# Greencard for a Spouse of a Greencard holder WHAT DO I NEED?!!



## tiamaria16 (Oct 27, 2011)

Hello,

Ok so I was going to go see my husband but now we have decided to just wait it out and file for a greencard.

He is currently living in CT and I live in England.

We have been reading that it is taking the same length of time now to get a greencard for a spouse regardless of whether the petitioner is a green card holder or a u.s citizen. 

Green card wait for spouse of a U.S. citizen or spouse of a permanent resident is the same - NY Daily News

Anyway, I have read so much on the subject I am just confused as to what we need.

Obviously we will file the I-130 but what goes with it...?

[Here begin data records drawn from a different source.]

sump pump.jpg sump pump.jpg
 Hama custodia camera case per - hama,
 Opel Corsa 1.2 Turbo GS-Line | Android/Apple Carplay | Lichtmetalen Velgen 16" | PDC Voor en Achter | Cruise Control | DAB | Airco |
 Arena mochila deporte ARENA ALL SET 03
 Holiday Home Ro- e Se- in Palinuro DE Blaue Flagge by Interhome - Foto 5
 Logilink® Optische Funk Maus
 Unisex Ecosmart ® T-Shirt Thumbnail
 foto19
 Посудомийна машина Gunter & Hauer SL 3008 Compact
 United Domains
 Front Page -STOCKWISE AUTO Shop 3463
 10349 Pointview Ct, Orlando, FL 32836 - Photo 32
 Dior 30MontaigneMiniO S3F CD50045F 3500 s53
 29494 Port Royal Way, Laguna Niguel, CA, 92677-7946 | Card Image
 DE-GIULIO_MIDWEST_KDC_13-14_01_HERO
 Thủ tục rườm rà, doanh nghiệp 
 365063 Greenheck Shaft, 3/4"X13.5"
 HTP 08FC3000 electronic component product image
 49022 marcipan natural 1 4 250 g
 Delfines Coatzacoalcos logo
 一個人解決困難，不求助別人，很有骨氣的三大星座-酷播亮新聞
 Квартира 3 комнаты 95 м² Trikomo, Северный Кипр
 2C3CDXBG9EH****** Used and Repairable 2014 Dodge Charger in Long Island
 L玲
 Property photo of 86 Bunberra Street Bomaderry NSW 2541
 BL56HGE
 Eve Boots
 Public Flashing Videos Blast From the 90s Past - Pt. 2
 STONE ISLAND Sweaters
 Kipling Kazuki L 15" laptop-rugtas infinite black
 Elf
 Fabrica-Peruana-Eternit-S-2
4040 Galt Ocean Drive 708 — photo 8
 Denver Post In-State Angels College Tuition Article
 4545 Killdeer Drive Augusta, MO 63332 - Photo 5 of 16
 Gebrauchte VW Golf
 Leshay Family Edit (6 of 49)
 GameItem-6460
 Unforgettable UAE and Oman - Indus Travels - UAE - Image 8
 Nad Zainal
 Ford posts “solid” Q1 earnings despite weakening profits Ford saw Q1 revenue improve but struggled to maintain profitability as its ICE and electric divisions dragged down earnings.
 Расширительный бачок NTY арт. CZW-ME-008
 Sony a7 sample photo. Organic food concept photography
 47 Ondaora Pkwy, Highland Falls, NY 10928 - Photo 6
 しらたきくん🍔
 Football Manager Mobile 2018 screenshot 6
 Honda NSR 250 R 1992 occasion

How many G325A's do I need? Do I sign one and my spouse? Do I need to sign an affidavit of support? Is that just for me or for my spouse as well?

I will put together support evidence myself, I can do all that. I am just confused with the forms.

Also, can I pay online for the form or do you send a cheque?

Thanks for your help in advance


----------



## Davis1 (Feb 20, 2009)

spousal visa 
Immigrant Visa for a Spouse of a U.S. Citizen (IR1 or CR1)

U.S. Citizens
http://www.uscis.gov/USCIS/Resources/A1en.pdf
you do little the US citizen does all the work


----------



## tiamaria16 (Oct 27, 2011)

Ok thank you.

Do I need a Police Certificate???


----------



## twostep (Apr 3, 2008)

tiamaria16 said:


> Ok thank you.
> 
> Do I need a Police Certificate???


If you follow the link Davis1 provided you will find all the details including "required documents". Documents the Applicant Must Submit to the NVC


----------



## tiamaria16 (Oct 27, 2011)

Thank you for your help.

I am just so confused. I don't have a police record but I suppose I can get a CRB if they really need it.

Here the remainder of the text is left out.